As I was preparing to write my thoughts for today’s sermon, my mind wandered greatly especially around our Gospel from Matthew.
“How often should I forgive?”
Forgive what? I asked myself.
Debt? Hurt? Cruelty? Tardiness? Lies? Betrayal? Murder?
C.S. Lewis once said, “To be a Christian means to forgive the inexcusable because God has forgiven the inexcusable in you.”
In our Gospel, we find Peter, the everlasting task master, trying to figure out the precise number of times a person must be required to forgive someone. He innocently asks Jesus, “Seven times?”
Jesus becomes irritated, much as a teacher becomes irritated when a student has not paid attention in class, and misses the instructions and the meaning of the lesson completely. In today’s terms, this would be my student, who has their ear pods in, and appears to be listening, but misses the point entirely.
Jesus responds to his student, “Not seven times, but I tell you, seventy-seven times.” Really meaning, as many times as it’s needed for you, the forgiver to forget why you are forgiving the person in the first place.
Sidenote: The number Seventy-Seven was not a random number. Jesus is referring back to Genesis 4:23-24, where Lamech, a decendent of Cain, remember Cain and Able, brags that the mortal vengeance he has made against a young man who hurt him far exceeded God’s promise of seven-fold punishment against anyone who might kill Cain. Jesus’ reference here to probably was a call to his friends to undo this eye for an eye curse that created so much vengeance and violence of retribution for generations, and some might argue, that is still happening today.
But that is Old Testament stuff, and we Christians are made out of New Testament stuff.
So what does this Gospel lesson mean for us today?
Well, simply put, God is commanding us to unconditional forgive each other.
He wants us to forgive our enemies.
There is no But in that statement and it sounds so simple doesn’t it?
At this point in my life, I find it simple to forgive simple things.
- Jill and her perpetual lateness
- Geoff and his procrastination
- My student’s foul language
- My colleagues lack of attention to discipline
- Even my principal’s lack of consistency
But I find it harder to forgive Horrid Drivers, People who deface private property, senseless acts of domestic violence, drug dealers, etc.
I have read that, “Unforgiveness is like blood-sucking leeches of your spiritual life.”
That letting resentment fill our lives, is “like drinking poison hoping the other person dies.”
Unconditional. That one’s hard for me.
Could I forgive the person who drove drunk and killed my child?
Could I forgive the person who raped me?
Could I forgive the person who intentionally stole something from me?
To be honest, I don’t know if I could.
But there is also a twist to the story in our Gospel this morning:
If I am the person seeking forgiveness for something I did, but in reality, I plan to commit the same practice that I’m asking forgiveness for, the day after I am forgiven, is this Okay? Good question. The answer is NO. I should not do that. Pretty obvious, right? But it happens.
Should I, the forgiver, Forgive this person? Even though I know that the person asking for forgiveness is going to knowingly commit the same sin again?
What do I do?
I believe there is some good news here.
God is the ultimate judge of our sins. Thankfully, I am not.
So, I believe that although, the people that we encounter in our daily lives may ask for our forgiveness, but may knowingly or not continue to commit the same wrongs over and over again, and continue to ask for our forgiveness, over and over again, it is not up to us to judge them, but to forgive them, over and over again.
After all, isn’t that what God does for each of us? Over and Over again.
Why would our forgiveness trump God’s forgiveness?
To me, that is what is meant by unconditional forgiveness.
Tough stuff for sure.
This was not the first sermon I wrote for today.

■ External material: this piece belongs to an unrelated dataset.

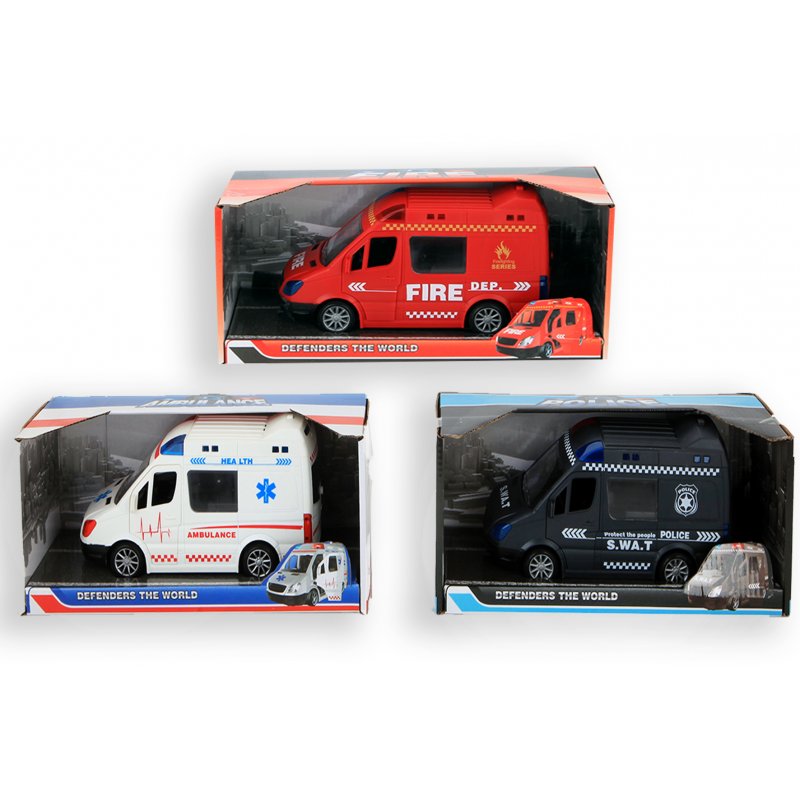 Bil polis/ambulans/brandkår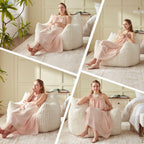 Achicsofar Giant Bean Bag Chairs for Adults Teens, Large Bean Bag Sofa Chairs with Filling Comfy Fuzzy BeanBag Chair with Armrests for Bedroom Living Room Reading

The first one was a story about a dear friend of mine, Ann, who was killed in a car accident, where another dear friend, Mike, was driving and he happened to be drunk. The girl’s father, Vern, a devote, who walked the talk of Jesus Christ, not only sat with Mike’s family as Mike struggled to survive from his injuries, but also testified at his trial, asking for Forgiveness for his actions that night. An amazing act of unconditional forgiveness for sure.
The Gospel this morning leaves us with a threat and warning about our own forgiving practices:
Unconditionally Forgive each other or else. Don’t hold grudges. Don’t plan retribution. Let it go.
Don’t ask for forgiveness on one hand, knowing that you are going to do just the opposite with the other hand.
Sounds simple. But is it? And that’s the dilemma.
How often should we forgive each other? How often should we forgive and let go?
Every time. Every Time. That is the message and that is God’s charge and commandment to us, unconditionally.